Monday, April 17, 2017

A Simple Template for Machine Learning  in Python


The following shows a simple flow to do machine learning in Python:

  1. Load dataset
  2. Split the dataset into train and test subsets
  3. Create a classifier for classification task
  4. Fit the train dataset
  5. Predict the test labels using test dataset
  6. Find out the accuracy

from sklearn import datasets
from sklearn import metrics
from sklearn.model_selection import train_test_split
from sklearn.tree import DecisionTreeClassifier


def train():
    # Load your data set, e.g. the sklearn digits dataset
    digits = datasets.load_digits()

    # Split the data set into random train and test subsets
    features_train, features_test, labels_train, labels_test = \
        train_test_split(digits.data, digits.target, test_size=0.3, random_state=42)

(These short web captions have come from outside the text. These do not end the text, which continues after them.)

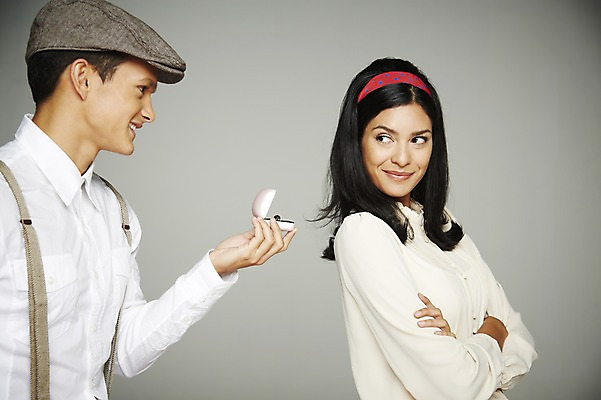 포토 JPG 스튜디오촬영 서양인 외국인 해외기획촬영 모자 커플 2012년태국 여자 남자 행복 프로포즈 회색배경 함께함 실내 사랑 웃음 들기 사람 이벤트 상반신 20대 성인 두명 옆모습 팔짱 다정 반지 머리띠 멜빵 복고 청년만 성인만 국내포토 잡화 감정 뷰포인트 백그라운드 컨셉 장신구 관계 모션 표정 인종 청년 내부 회색 파일형식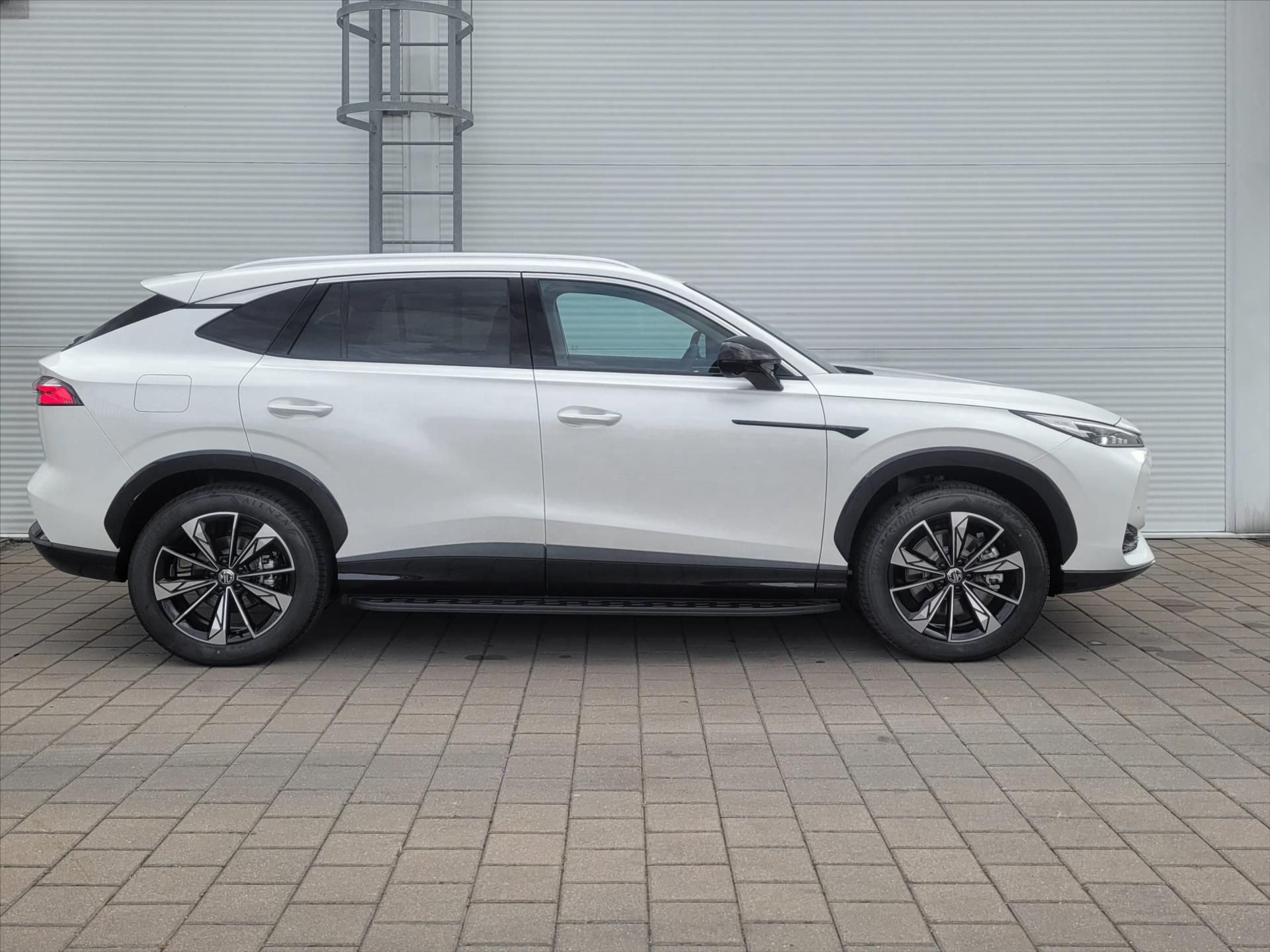 MG HS, 1,5 PHEV 2AT 272k  Exclusive - fotka 3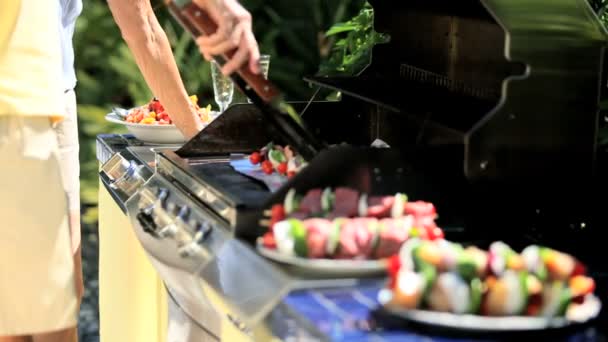 Asar a la parrilla alimentos frescos y saludables para barbacoa — Vídeos de Stock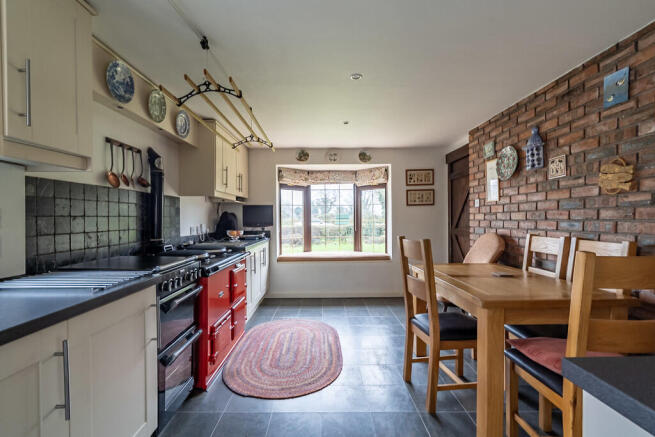 4 bed Detached for sale Image 8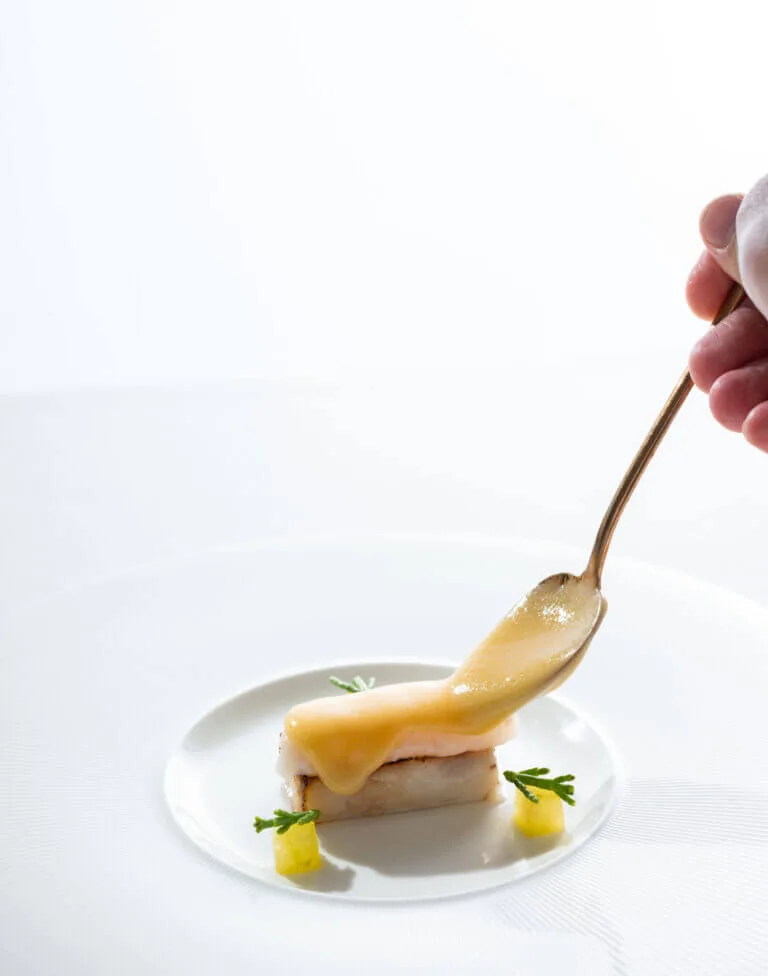 Bacalao, gamba y holandesa de Alvaro Arriaga para Restaurante Arriaga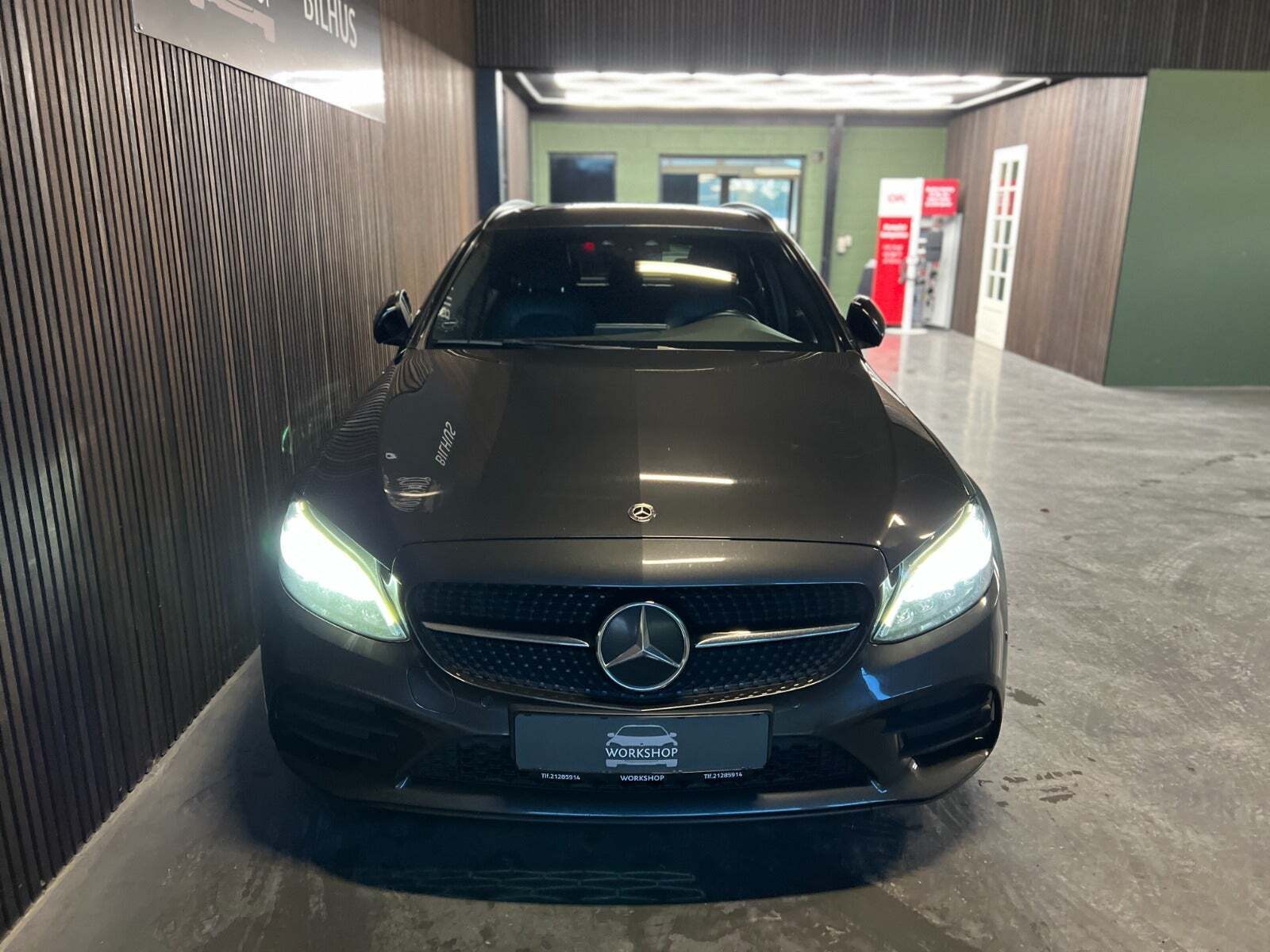 Mercedes C300 de 2,0 AMG Line Night Edition stc. aut.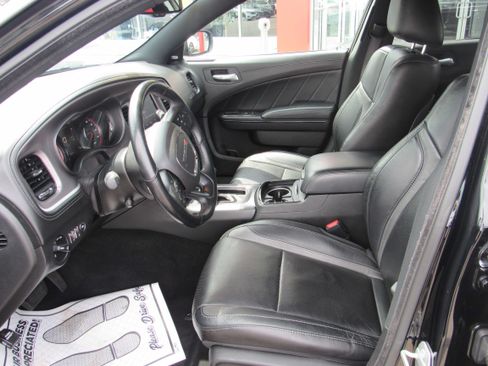 Used 2022 Dodge Charger SXT w/ Plus Group AWD/4WD image 9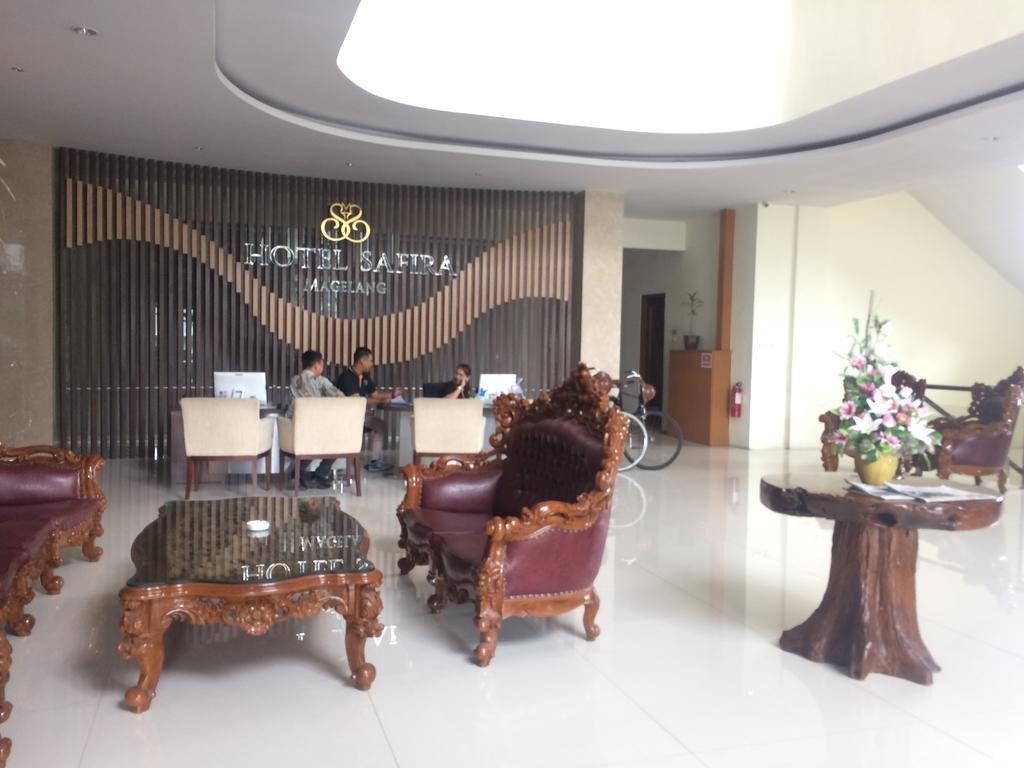 Hotel Safira Magelang Exterior photo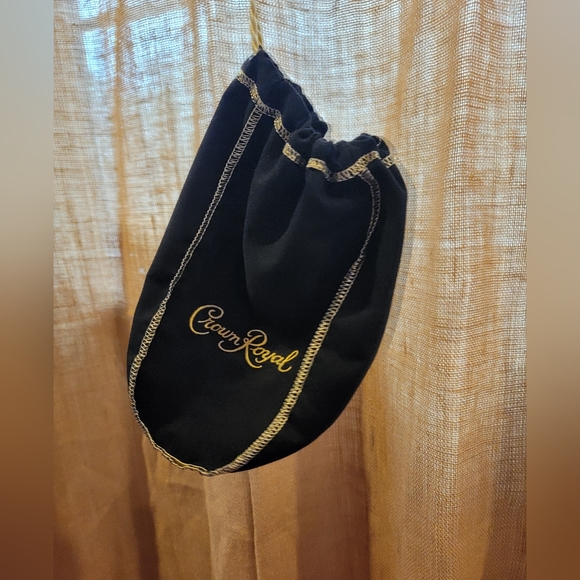 Crown Royal bag empty - Picture 4 of 6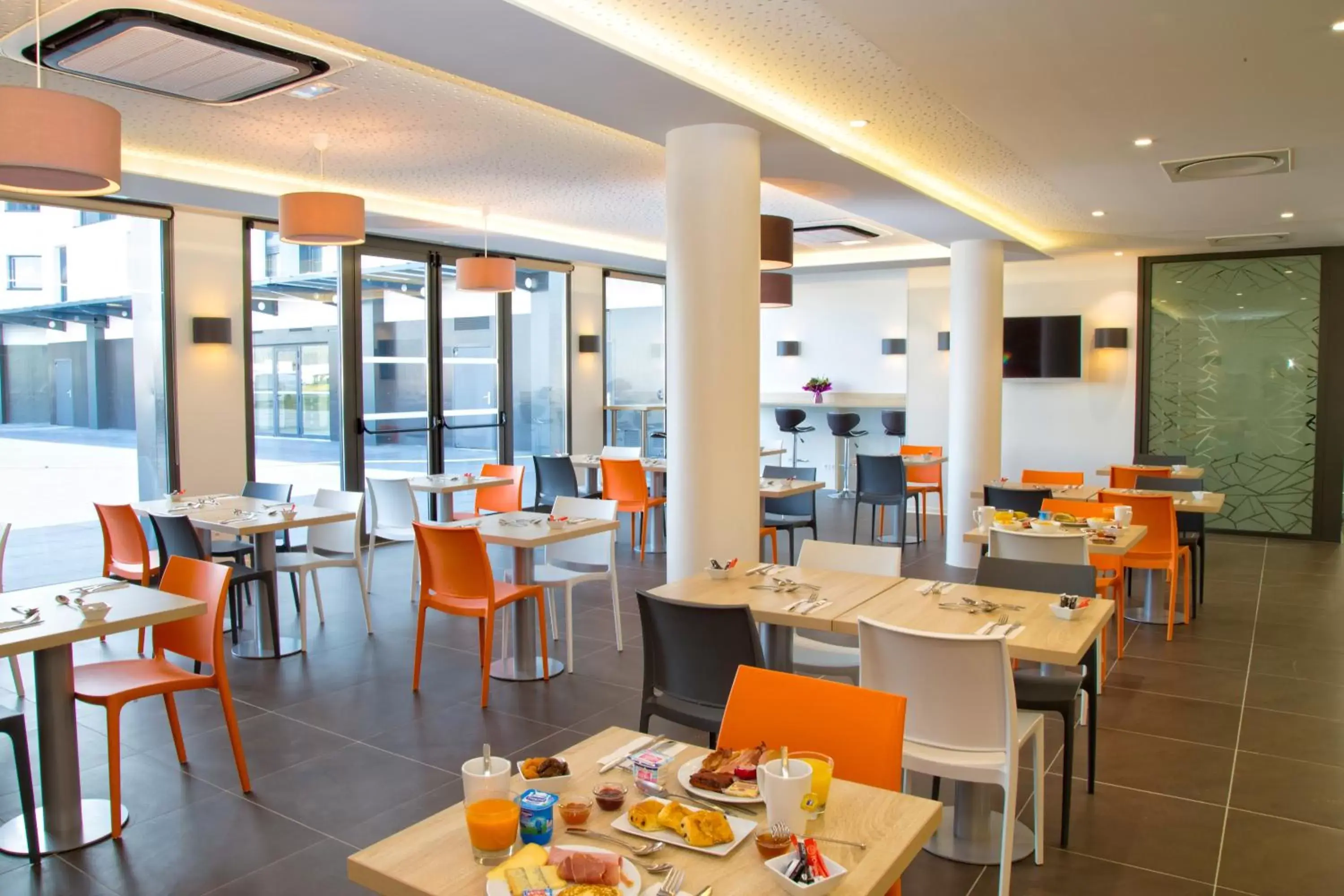 Restaurant/Places to Eat in All Suites Appart Hôtel Bordeaux Pessac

    # Create a classifier, e.g. a DecisionTree classifier
    classifier = DecisionTreeClassifier(random_state=11)

    # Fit the train dataset in the classifier
    classifier.fit(features_train, labels_train)

    # Use the trained model to make predictions against the test dataset
    predictions = classifier.predict(features_test)

    # Calculate the prediction accuracy
    f1_score = metrics.f1_score(labels_test, predictions, average="macro")
    accuracy = metrics.accuracy_score(labels_test, predictions)

    print "F1 score = ", f1_score
    print "Accuracy = ", accuracy